The Archival Sources tab provides a helpful overview of archival sources for A. P. Chekhov and an annotated directory of major archives in Russia. Researchers can explore print and online sources, which provide content and depository information for onsite research and duplication requests.
And finally, since A. P. Chekhov and his works had a profound influence on the performing arts, the Chekhov on Stage & Screen tab guides the researcher through various productions of Chekhov's plays, film adaptations, and authoritative sources for researching Chekhov on stage and screen.

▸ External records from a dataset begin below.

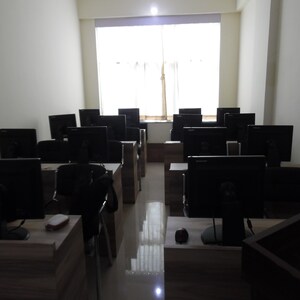  Office Space For Rent in Siddhi Nisarg, Bhagwan Nagar
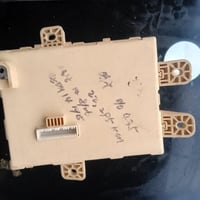 قاعدة فيوزات داخلية • ازيرا • قطع غيار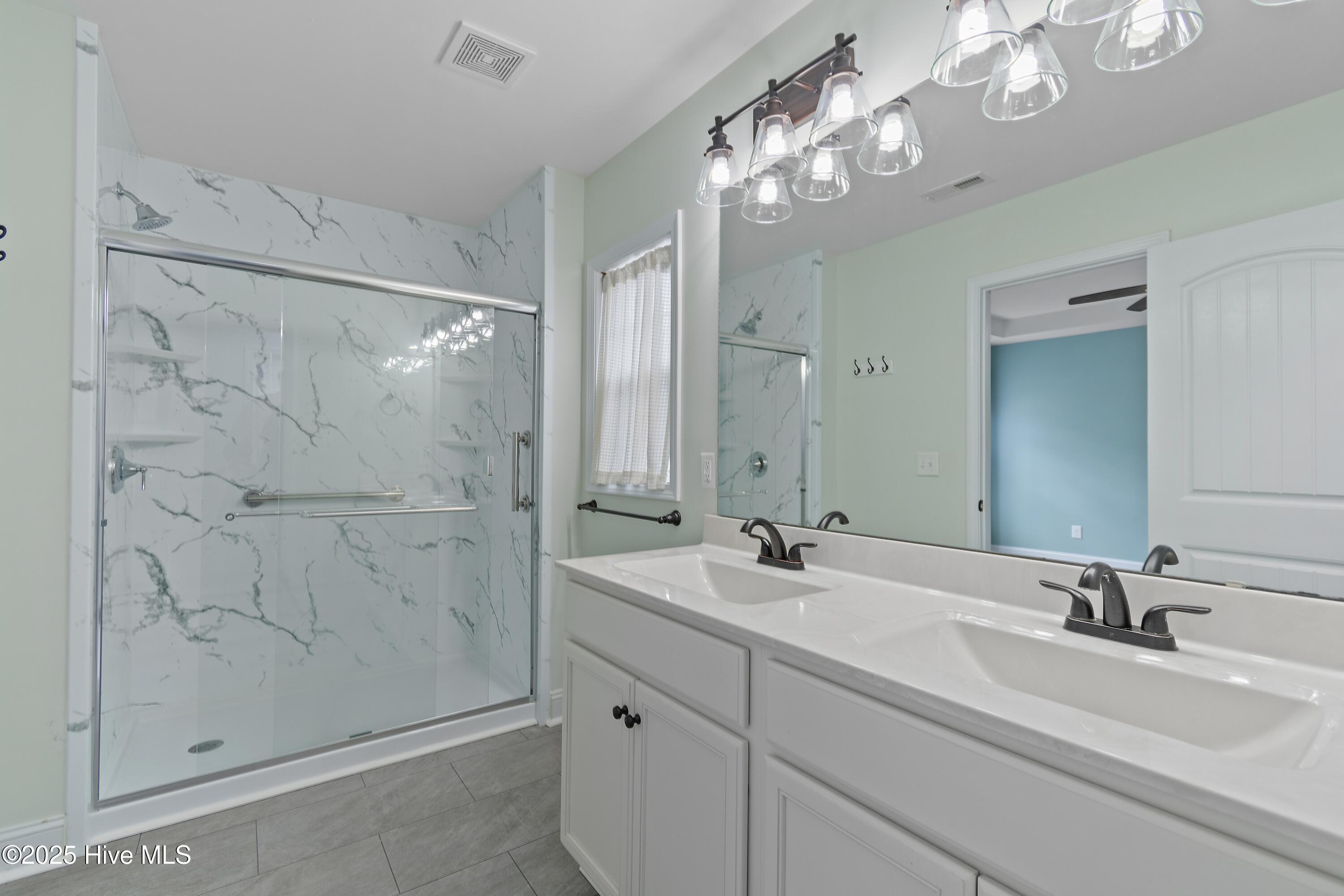 100539694 | Photo 17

Over a century after his untimely death, and by a variety of measures (including the wealth of resources described in this guide), Anton Pavlovich Chekhov (1860-1904) remains one of the most compelling figures in world literature, and occupies a special place in the pantheon of great Russian writers. As is the case with Dostoevsky, Tolstoy and others, if anything the Chekhov scholar faces a problem of too much information, too many commentaries and too many versions of his works, both in the original Russian and in other languages.
As an example of the types of problems this guide is intended to help with, we might consider the problem of sourcing the partial quotation referring to Chekhov as an "incomparable artist" = "несравненный художник". Various versions of the complete quotation, attributed to Leo Tolstoy ("Chekhov is an incomparable artist, an artist of life. And the merit of his creative work is that he is understood and accepted not only by every Russian, but by all humanity"), appear all over the Web and in printed texts in English, Russian and other languages, but a source for the quotation is seldom provided. (Even the work from which the above translation is taken -- page 127 of Ernest Simmons' Introduction to Tolstoy's Writings [Chicago, 1968 -- UIUC call numbers 891.73 T58 DS59 and PG3410.S5 1968] -- does not provide a source.)
One Russian-language online resource makes a vague reference to what turns out to be K. Lomunov's Dramaturgiia L. N. Tolstogo (Moskva, 1956 -- UIUC call number 891.73 T58 DL832d), which does turn out to include a slightly different version of the quotation, and, happily, cites its source: page 226 of the 1911 publication Tolstoi i ego sovremenniki, by the prolific Tolstoy biographer Petr Sergeenko.
However if one wants to verify this citation de visu in the Sergeenko work, one may come to a conclusion when searching for it in Worldcat that it is a rare item. Actually, it is quite widely held, including the UIUC library (Call no. 891.73 T58BS48t). However, what is important to know is that in cataloging this work the pre-revolutionary spelling of Sergeenko’s name was used, giving Sergieenko. This is an example of knowledge of bibliographic detail that may make or break a research project. This guide hopes to assist the Chekhov scholar with at least a few of such idiosyncrasies.